En matière de lutte contre l’évasion fiscale et le secret bancaire, les gouvernements européens n’ont guère tenu leurs promesses. Malgré la mise en lumière de fraudes et d’abus massifs, du Luxleaks au Swissleaks en passant par les amendes frappant des banques, les gouvernements n’ont quasiment pas avancé en six ans.

C’était il y a six ans, à Londres : en pleine crise financière les chefs des gouvernements européens déclaraient la guerre aux paradis fiscaux. Rien qu’en France, l’évasion fiscale fait perdre des dizaines de milliards d’euros chaque année aux caisses de l’État, alors que l’austérité budgétaire s’impose partout. Qu’ont donc entrepris depuis les gouvernements pour l’enrayer ? Si peu. En France, la loi de lutte contre la fraude fiscale et la grande délinquance économique et financière a bien été adoptée fin 2013 et renforce les sanctions contre les fraudes les plus visibles, celles des particuliers (fraude fiscale en bande organisée, comptes bancaires non déclarés détenus à l’étranger...).

La même année, l’Organisation de coopération et de développement économiques (OCDE) promettait avec le soutien du groupe des vingt pays les plus industrialisés (G20) de mettre fin à l’évasion fiscale des multinationales, bien plus complexe à identifier mais beaucoup plus importante. Il a fallu encore deux ans pour que l’organisation annonce son plan d’action. C’était il y a un mois. Cette fuite massive des capitaux va-t-elle être, enfin, colmatée ?

« Les mesures de lutte contre l’évasion fiscale des entreprises que les pays du G20 et l’OCDE viennent d’annoncer sont loin d’être à la hauteur des attentes », répond un groupe d’organisations indépendantes (Oxfam, Tax Justice Network, Alliance globale pour la justice fiscale…) dans un rapport tout juste publié, à quelques jours de la prochaine réunion du groupe du G20, les 15 et 16 novembre en Turquie. L’étude des ONG se penche plus particulièrement sur les pertes d’argent public dues à l’évasion fiscale des multinationales états-uniennes. Conclusion : rien que pour l’année 2012 – la dernière année pour laquelle les chiffres sont disponibles... –, entre 500 et 700 milliards de dollars de bénéfices de ces firmes ont échappé aux fiscs des différents pays où elles sont actives.

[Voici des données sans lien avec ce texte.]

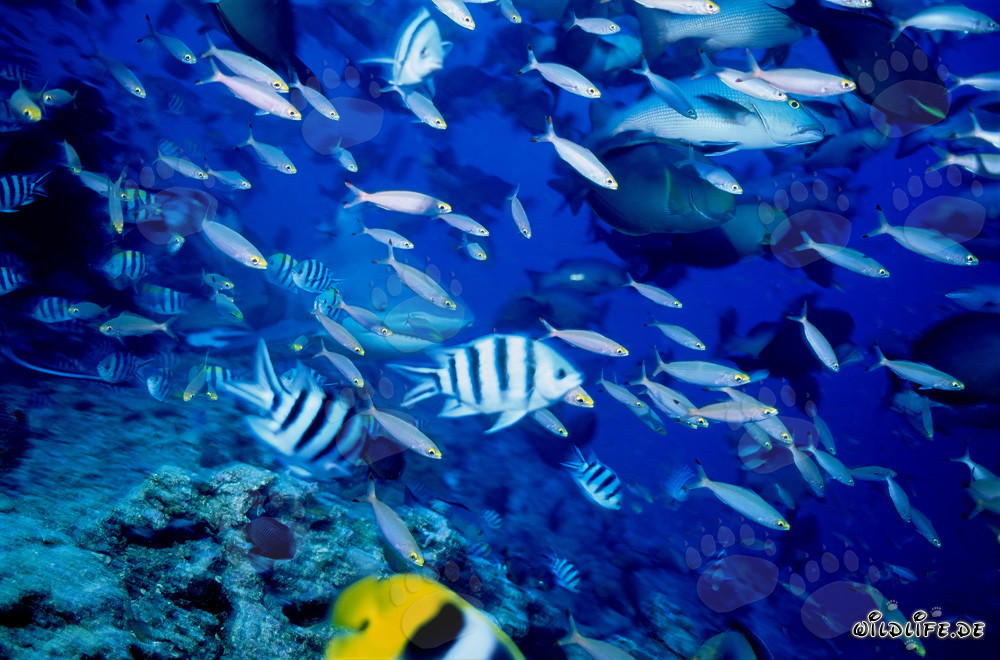 Squalo toro circondato da una varietà di pesci di barriera corallina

Évasion fiscale d’un côté, coupes budgétaires de l’autre

C’est l’équivalent d’un quart de leurs bénéfices annuels qui sont partis principalement vers des pays où les taux d’imposition sur les bénéfices sont très bas, voire nuls. Ces multinationales ont ainsi déclaré 80 milliards de dollars de profits aux Bermudes, où les bénéfices des entreprises sont entièrement exonérés d’impôt. C’est plus que leurs profits cumulés au Japon, en Chine, en Allemagne et en France. On ne savait pas que les Bermudes étaient un marché aussi florissant !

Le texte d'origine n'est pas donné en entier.